John quickly strapped himself into an uncomfortable seat as the shuttle trembled on thrusters and backed out of the bay. He said, “First off, you don’t have two dollars, and secondly I happen to know the rebels staged this just so you wouldn’t have the chance to lie to half of the population of this planet.” James laughed, “Just so long as you mean the female half.” John said, “If we don’t get some leave, I don’t think you’ll care all that much.”
He looked anxiously into the open cockpit of the shuttle, “I hate being a passenger. Since you’re so eager to gamble with money you already owe me, what do you bet this pile of unplanned obsolescence runs out of fuel before it gets ten kilometers, and we spend the rest of our leave trapped without food or air.” James said, “No bet. Did you notice? Our copilot is kind of cute.” John groaned, “She’s kind of twice your age.” James grinned, “So, what you’re saying is, she’ll like me twice as much.” John was jammed into the seat as the gravity drive abruptly came up, “She’ll kill you twice as fast.” James laughed, “Not if the rebels get me first.” John groaned, “I think they’ll have to stand in line.”
Chapter 8
Twenty hours later he and his crews gathered for an after-action report. They’d gotten a little rest and some food, and best of all, they were all still in the land of the living.
They spent forty minutes discussing the battle. His experienced crews had done this many times, and understood what was wanted and why it might keep them alive next time around. His new crews remained mostly quiet, but they clearly understood the process, and Chamberlin knew from experience that their active participation would go up with experience.
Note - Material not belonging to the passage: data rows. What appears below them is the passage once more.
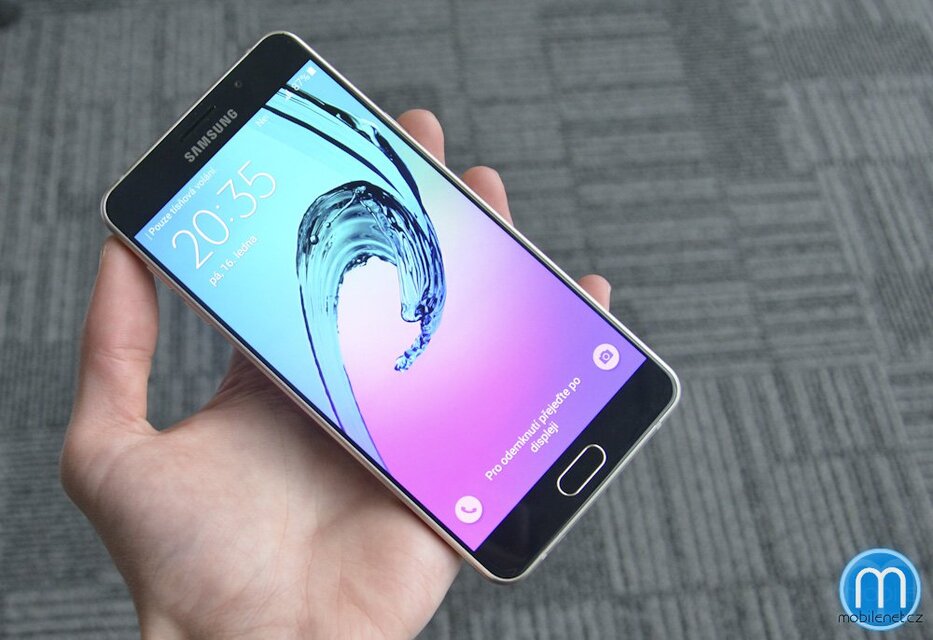 Samsung Galaxy A7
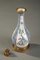 Bottiglietta da profumo in porcellana antica con smalto e Ormolu di Samson Paris, Immagine 12
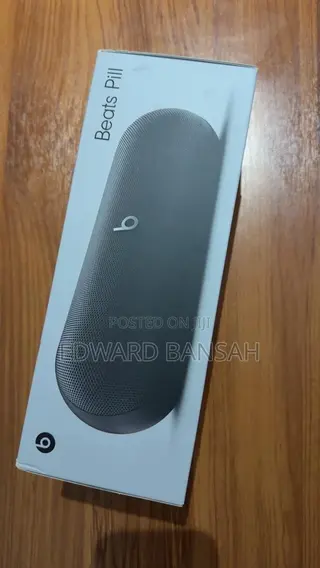 Beat Pills
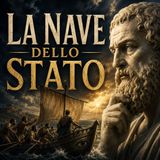 La Nave dello Stato – Platone e il problema di chi dovrebbe governare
Two days later John was tasked with supporting a squa
dron of destroyers that would be sweeping the same solar system. He wasn’t asked to provide any input, a not altogether unusual set of circumstances, but he knew most of the ship commanders and hoped that he would have the opportunity to talk things over on the way in-system. In his after-action report he’d included a verbal analysis as well as the sensor reading of the four super destroyers, as he called them, but he’d not received any feedback nor been asked for any additional information.
He took forty fighters again, leaving forty behind as security, and met up with the destroyers. He sent over a copy of his earlier report on the destroyers, and five minutes later the captain in charge of the destroyers radioed him. “I haven’t heard a word about those ships.”
Moments later, the information was copied to the other seven destroyers. He could remember a time when such logical behavior wouldn’t have been necessarily expected. The federal navy was finally becoming professional, albeit at a horrid cost in lives.